It will help out alot,
These questions will all be answered in a few clicks and a few keystrokes.


----------



## ozi

if all you want if 2 clowns and a cleaner shrimp, plus some easy corals down the road, i think you could forget about the RO/DI unit. they cost around $200 for the smaller versions. and for what you want, you don't need that 99.99% pure water...tap water will be fine enough.


----------



## shiver905

Dont use tap water,

At the very least use RO water. You can fill them at your local wtaer supply store.


----------



## rrobbiiee

When I first started I would make my water with a Brita filter! It worked in the beginning but it took forever to make enough water for a 20 litre water change.

Eventually once I realized a lot of my algae issues were due to high levels of phosphate in the water I sprung for an RO/DI. I highly recommend these guys as compared to what you'll find locally their stuff is a steal. I even got a free pressure tank! To give you an idea of price comparisons, their kit is around $240 for a 7-stage 100 gpd system as well as enough replacement filters to last you a few years, the comparable system at the big box LFS is $280 for a 4 stage system with no additional filters.

Here is how I have it setup, you'll notice I didn't have to plumb anything and the whole setup is completely reversible and can be brought offline, which sounds like it might be good for you so you can attach it when you need it:









That is the guts all tucked away underneath the sink, when I picked up the system it also came with a 3 gallon pressurized cylinder which is amazing since that is just a shade less then my bi-weekly water changes so I can fill the bucket up in a few minutes. Don't be fooled by 100 gallons per day, it is still just a trickle .

Here is how it's connected:









You'll see the input attached to the faucet with a screw on adapter so I didn't need to tap the water line, also the permeate output (held by the red clamp on the RHS of the sink) has a ball valve attached to it (not shown) for easy on/off operation. Also if look to the left there is a white water line disappearing underneath a towel, that is the concentrate output which is just shoved down the laundry drain.
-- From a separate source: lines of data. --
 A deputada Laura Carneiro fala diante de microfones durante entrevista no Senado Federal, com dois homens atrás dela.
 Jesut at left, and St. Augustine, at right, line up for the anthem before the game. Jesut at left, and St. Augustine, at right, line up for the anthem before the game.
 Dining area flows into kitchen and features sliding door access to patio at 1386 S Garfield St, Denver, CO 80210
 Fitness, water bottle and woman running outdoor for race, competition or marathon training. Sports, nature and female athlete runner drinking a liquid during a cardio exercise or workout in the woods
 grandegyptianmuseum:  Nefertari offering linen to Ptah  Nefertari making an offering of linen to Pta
I agree with the other replies that you should just get the tank cycled and good to go before really *needing* a system like this, but definitely budget for it in the near future because you will always have an algae problem without one!

Rob


----------



## little_clown

any ideas where in GTA i can get good RO\DI unit at good price? It is just for handling a 10-20G tank.


----------



## ozi

I've been using Toronto tap water for making my saltwater and for refills due to evaporation for the past year and a half and look at my 20G nano reef:








Can you say my corals don't look nice enough?!? or the fish are sickly?!? or where is that nasty algae caused by tap water nutrients that everybody keeps talking about?!? well definitely not in my tank.
sure, the corals would definitely look better if i was using RO/DI water, but if everything is fine without, then i'd much rather spend that 200 bucks on something else for now 
if you want something with more demanding SPS corals, like this:








then you NEED to get the RO/DI unit.


----------



## Kweli

My RO/DI unit attaches to my sink (any sink will do) and i fill 5 gallon buckets with it. 
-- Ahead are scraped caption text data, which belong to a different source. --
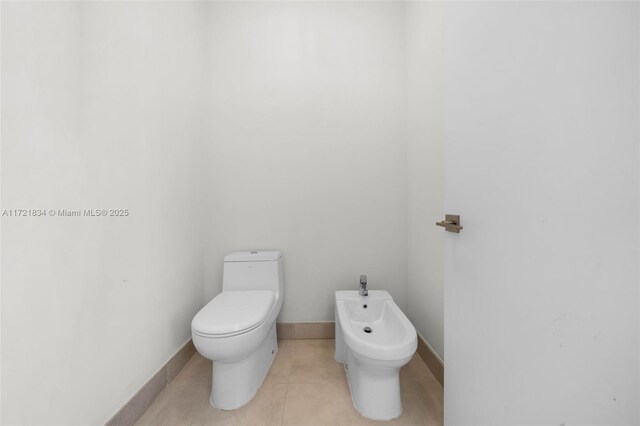 bathroom with tile patterned flooring, a bidet, and toilet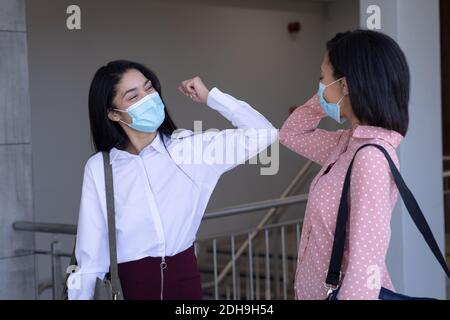 Deux femmes d'affaires portant un masque facial se saluent mutuellement en touchant des coudes dans un bureau moderne Banque D'Images
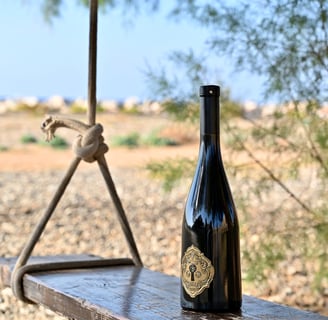 a bottle of daskali's wine on a wooden bench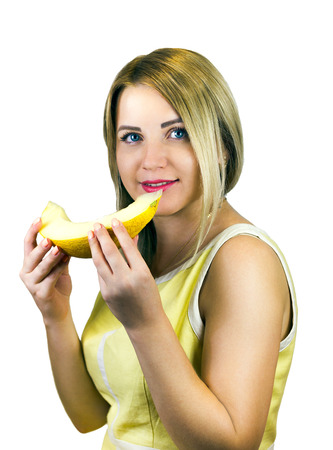 young girl with fruit in their hands isolatedの写真素材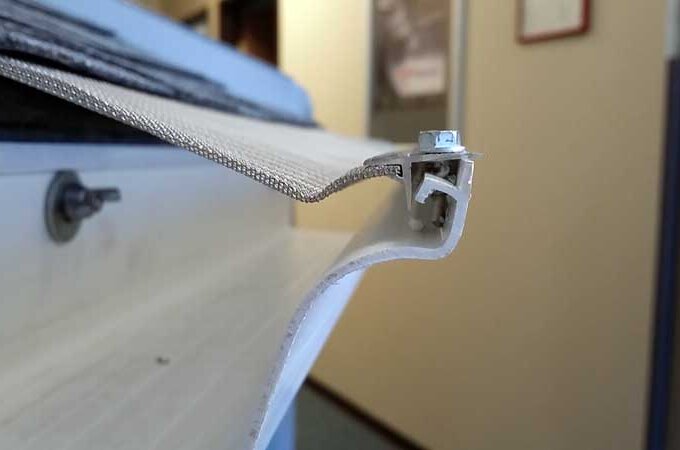 Close-up of the edge of a white retractable awning with a metal clamp securing the fabric to the frame, taken indoors with a blurred background—available for same-day pickup at Home Depot.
I then use the buckets for the tank..

You dont need the RO/DI in the same room as the tank as long as you invest in buckets (5 dollars at home hardware, or get the water jugs at big als)


----------



## Kweli

I purchased mine from bulkreefsupply.com

id just wait for the holiday specials or a group buy


----------



## ameekplec.

Or a certain special announcement related to a certain nano-tank contest and said contest prize donor (*cough* BWIplumbing.com *cough*) 

For a 20g tank (and perhaps even bigger), it's sufficient to just fill pails in your bath tub (in case you overfill and it overflows - which EVERYONE has done) and then lug it over to your tank to make water for water changes or refill your automatic top-off reservoir. I did this for almost 2 years on my ~30g reef system, and it'll probably be the very un-elegant system I'll have to use in my 120g system since I live in a condo and can't have the RO/DI plumbed in.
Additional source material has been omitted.